Таким же гибридным можно назвать образ Маши Мироновой, спроецированный, с одной стороны, на пушкинскую «Капитанскую дочку», с другой – на Коломбину из блоковского «Балаганчика», чье имя принимает героиня после своего символического побега в Москву и вступления в клуб «Любовники смерти»:
Я – Коломбина, пустоголовая и непредсказуемая, подвластная только капризу своей прихотливой фантазии и дуновению шального ветра. Пожалейте бедняжку Пьеро, которому выпадет горький жребий влюбиться в мою конфетную красоту, моя же судьба – стать игрушкой в руках коварного обманщика Арлекина, чтоб после валяться на полу сломанной куклой с беззаботной улыбкой на фарфоровом личике…
(Акунин 2004, 16), –
записывает героиня в своем дневнике по прибытии из Иркутска в Москву. Смыкается она с блоковской героиней и через свое настоящее имя: в первоначальном наброске пьесы «Балаганчик» невесту персонажа, обозначенного как Некто, звали Машей (Волков 1926, 29; Герасимов 2014, 441).

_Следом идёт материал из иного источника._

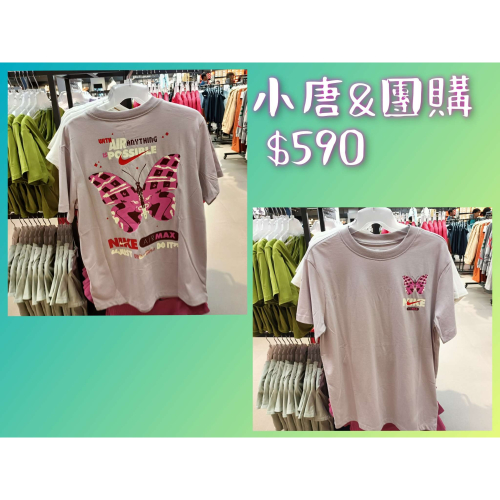 $590
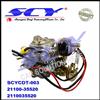 New Carburetor For Toyota Land Cruiser 1969-1987 21100-35520 2110035520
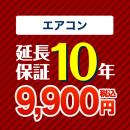 10年保証を購入する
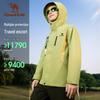 Camel Kids 3-in-1 Winter Outdoor Jacket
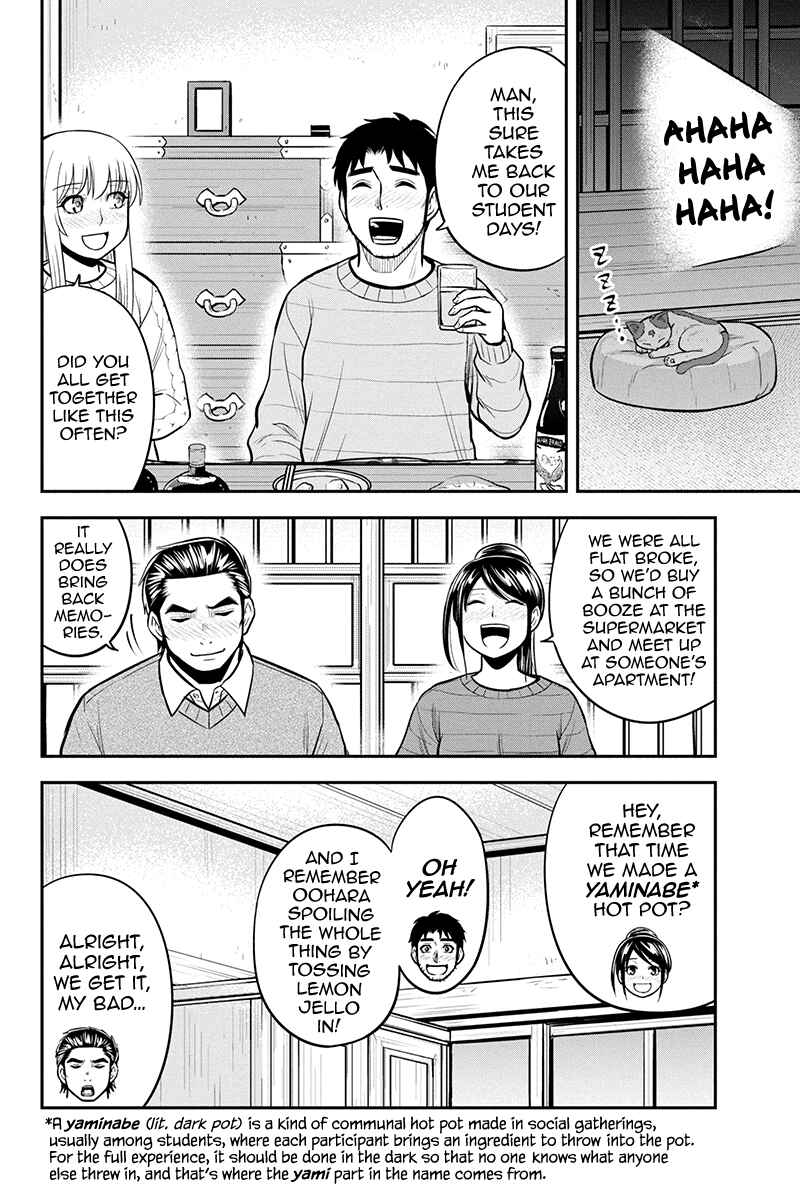 Orenchi ni Kita Onna Kishi to Inakagurashi Surukotoninatta Ken Chapter 88 - Page 2
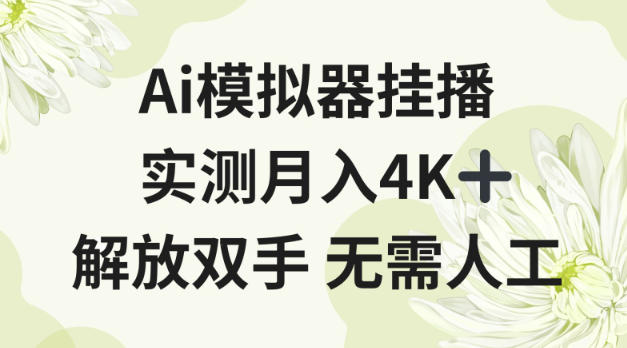 Ai模拟器挂播，实测月入4K十，解放双手无需人工【揭秘】-云网创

Обратим внимание на значимую смену точки зрения, сопровождающую это пародийное снижение: в пьесе Блока «Балаганчик» Коломбина показана исключительно с внешних точек зрения. Для Мистиков она – прекрасная дева, которая является воплощением смерти как избавительницы3. Для Пьеро это «невеста», для Арлекина – подруга. В «Любовнице смерти» Акунина собирающиеся в Клубе соискатели «служат» смерти как Вечной Невесте (или Жениху). Любопытно, что Акунин актуализирует романтические источники этого образа, прямо упоминая в романе La belle dame sans merci (Акунин 2004, 29). Однако вовлекший героиню в декадентский круг сын адвоката Петя Лилейко оказывается в итоге «фальшивым Арлекином»: «Как можно было принять его за Арлекина? Он – Пьеро, самый настоящий Пьеро, да ведь его и зовут также» (Акунин 2004, 53). Так с комическим эффектом вновь сливаются в одного персонажа герои-двойники4 из «Балаганчика». В обоих акунинских романах классический любовный треугольник, использованный Блоком в своей пьесе, разрушается, превращаясь в многоугольники, где мужские персонажи оказываются несостоятельными любовниками (включая Фандорина, который так и не переступает эту грань в отношениях с обеими героинями).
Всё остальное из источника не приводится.